Yes I think it is a hit. Since CGC evaluators are the tricks testers and you can use a CGC as a stand in for five of ten novice tricks it ties together well with the CGC program those programs give people exposure to the various things one can do with your dog (tricks replaces a program called do more with your dog). I would guess AKC hopes people will get hooked into performance sports through these introductions. After all one can look at rally as a series of tricks connected by a few steps of heeling.


----------



## Click-N-Treat (Nov 9, 2015)

I can't find anyone to score Noelle's TKI. I asked a bunch of CGC evaluators but none of them have gotten back to me. I'm kind of stuck. Any ideas?


----------



## lily cd re (Jul 23, 2012)

Click-N-Treat said:


> I can't find anyone to score Noelle's TKI. I asked a bunch of CGC evaluators but none of them have gotten back to me. I'm kind of stuck. Any ideas?



Wow that is strange CGC evaluators can also do trick dog novice, intermediate, advanced and performer levels. For Elite Performer you have to send a video to AKC.

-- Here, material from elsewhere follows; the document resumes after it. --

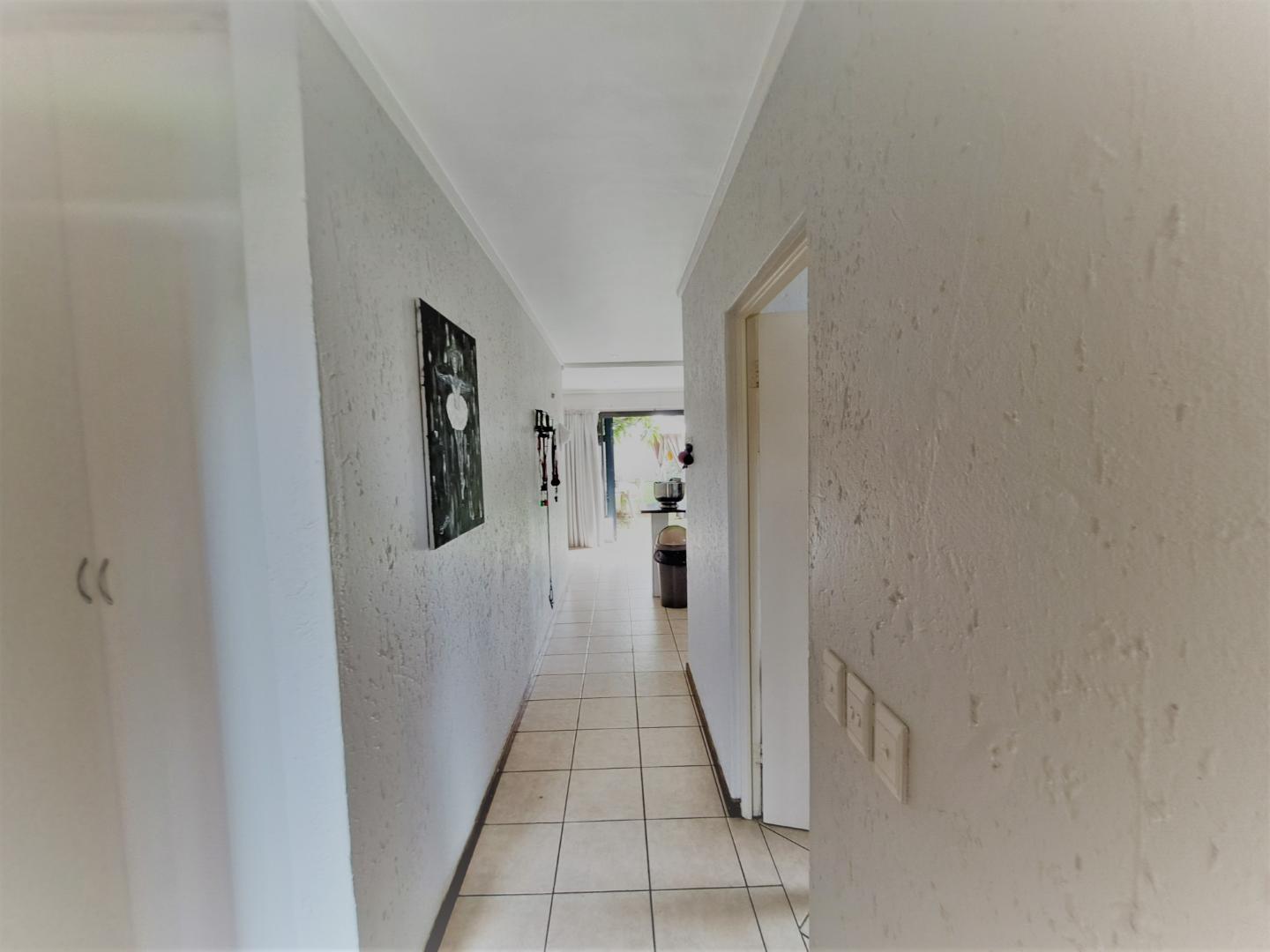 1 Bedroom Property for Sale in Darrenwood Gauteng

Can you reach out to the person who tested you for CGC and TKN? Maybe that person with a little prompting will remember you and be able to meet you somewhere to do the test. You could offer a small gift of appreciation like a gift card to a pet store.


----------



## Skylar (Jul 29, 2016)

I wondered why Advanced only needed 5 tricks - in some respects Advanced was easier than Intermediate. I'm glad to see you now need 10 tricks - makes more sense.

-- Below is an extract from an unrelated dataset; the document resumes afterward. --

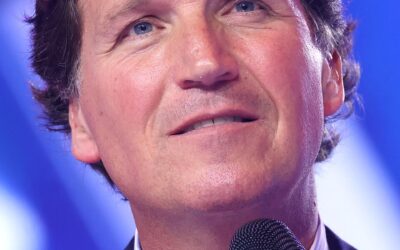 Τάκερ Κάρλσον στο Real Estate Future Forum στο Ριάντ: Μίλησε για Πίστη, Θεό και Προσευχή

I'm not sure if I'll train to earn the elite title for Babykins. There doesn't seem to be any interest in my area for tricks.


----------



## Click-N-Treat (Nov 9, 2015)

I just found a trick dog class that meets on Tuesdays. We're signing up! I just emailed the woman who runs the dog training school. Noelle will enroll in beginners and that should take her through TKI and half of TKA. Then we go on to advanced class. Tricks are so much fun to train.


----------



## lily cd re (Jul 23, 2012)

Skylar we have a fair amount of interest in tricks on Long Island, mostly among the performance folks though. I think that makes sense since many of us have dogs who already know lots of tricks or know how to do things that can be modified to fit the title lists. And yeah none of us could quite understand why they only required five trick for advanced either.

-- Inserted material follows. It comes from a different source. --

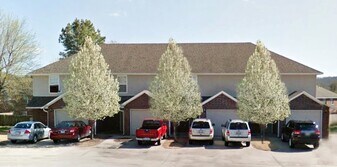 2223 W Deane St in Fayetteville, AR - Building Photo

Click I am glad you found a place to go where you can do those classes and get the tests!


----------



## scooterscout99 (Dec 3, 2015)

My agility training group worked on this together, practicing for a few weeks and then inviting a CGC evaluator for the tests. Honestly, we mostly were interested in more titles for an already experienced group of dogs. The most beneficial aspect for me is a cadre of new tricks to use for engaging my dog while training agility. We learned the leg weave and use it often. Without the trick dog titles I wouldn’t have been as motivated. Some of us are interested in going further, trying rally free or even freestyle.


----------



## lily cd re (Jul 23, 2012)

scooterscout, the elite performer category sounds like it is the foundations for freestyle since there has to be a routine with props (not obedience or agility equipment) and a story being told. As I noted lots of the performance people have put trick titles on their dogs, some because they just like new titles and some to have that back pocket full of tricks to use in support of training their other sports and some for both reasons.


----------